(Beginning of Data block)
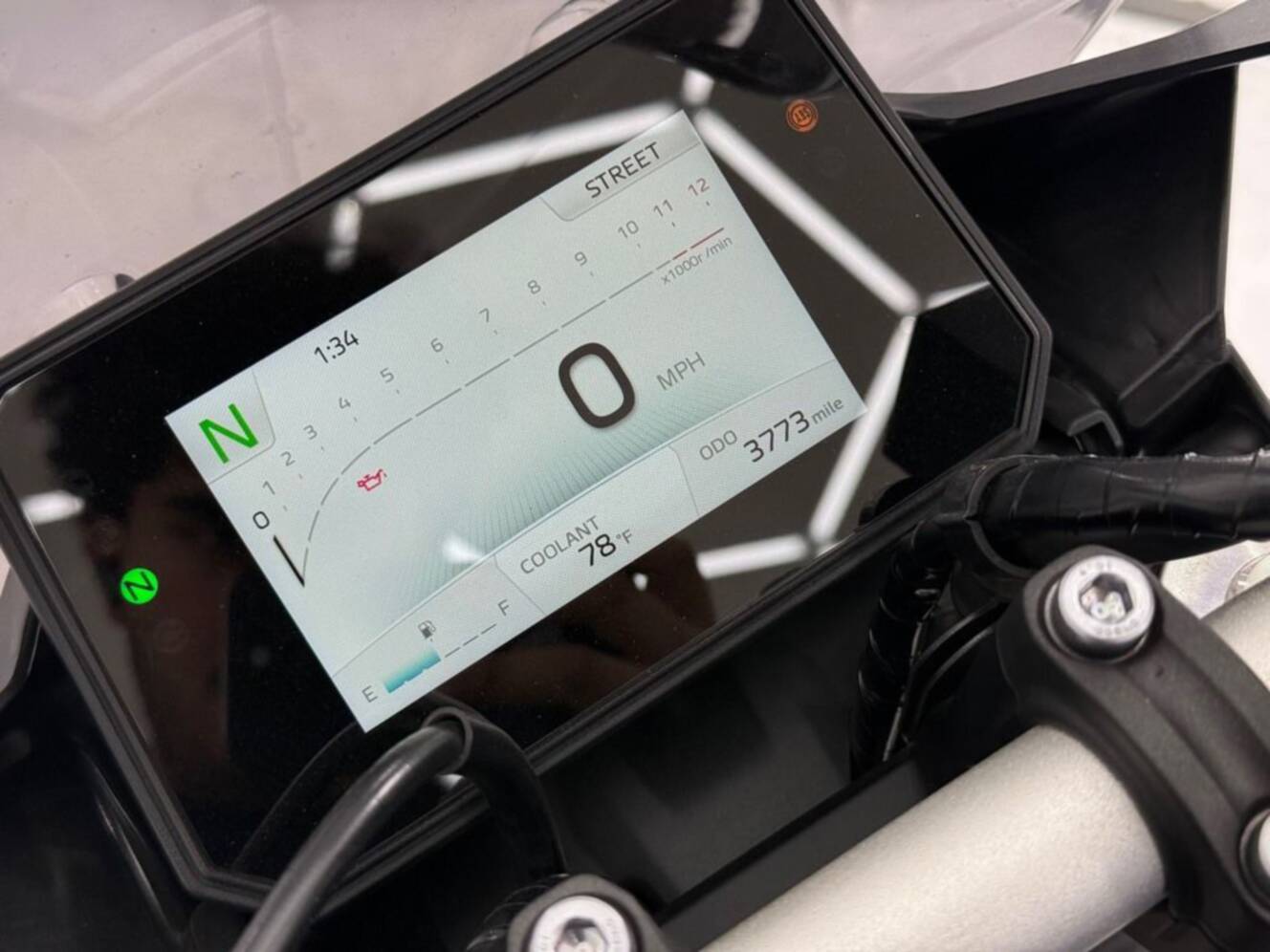 A photo of this 2025 Yamaha MT 07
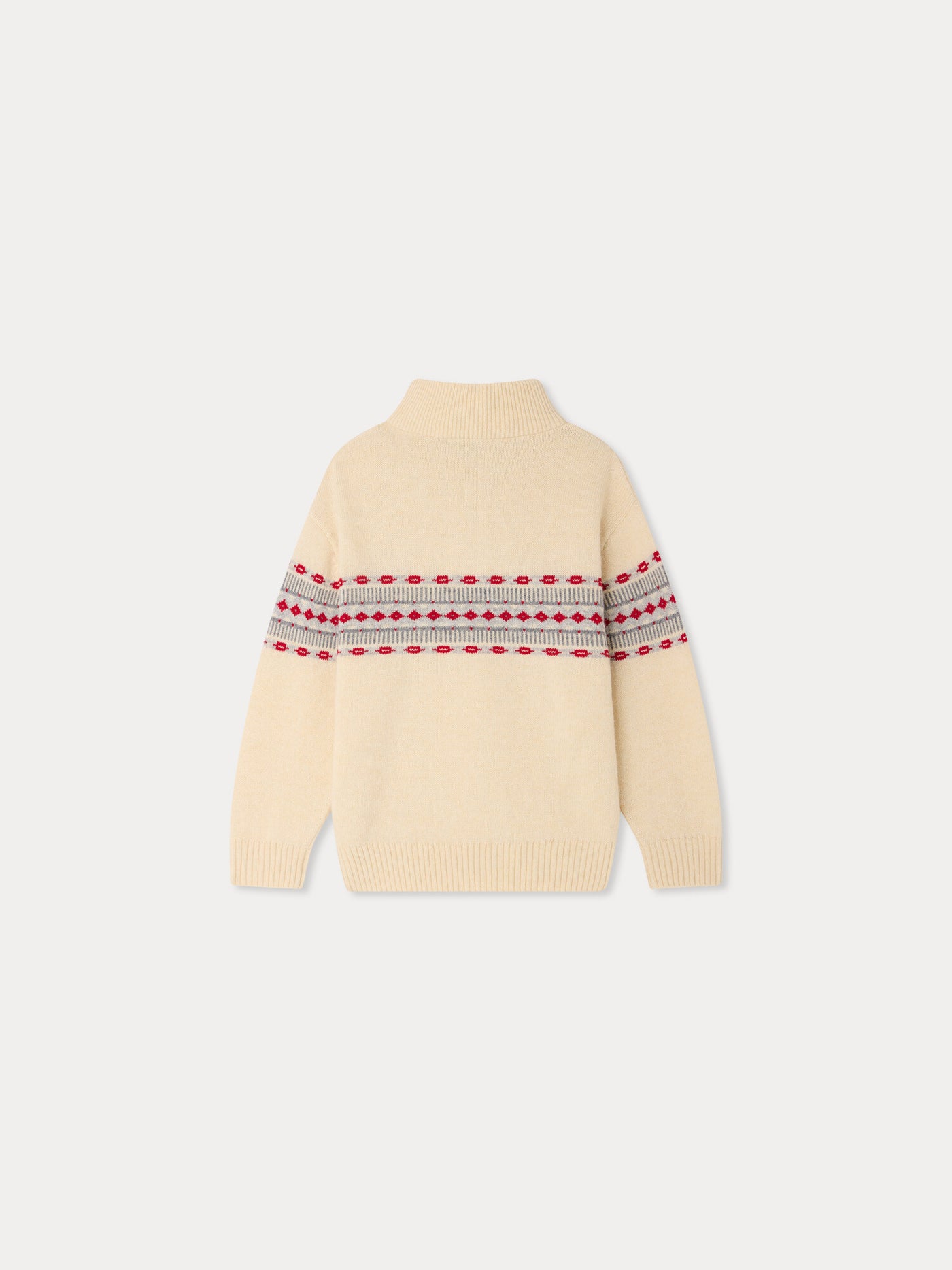 Manfred embroidered jacquard wool jumper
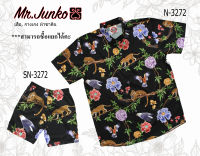 ?ส่งฟรี?เสื้อ,กางเกง (สั่งซื้อแยก) งานต่อลาย Mr-Junko ผ้าซาติน นิ่มใส่สบายไม่ร้อน SN-3272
(End of Data block)
§ Work request
Without the pictures, repeat the listing exactly as it reads.

§ The completed task
 A photo of this 2025 Yamaha MT 07
 Manfred embroidered jacquard wool jumper
 ?ส่งฟรี?เสื้อ,กางเกง (สั่งซื้อแยก) งานต่อลาย Mr-Junko ผ้าซาติน นิ่มใส่สบายไม่ร้อน SN-3272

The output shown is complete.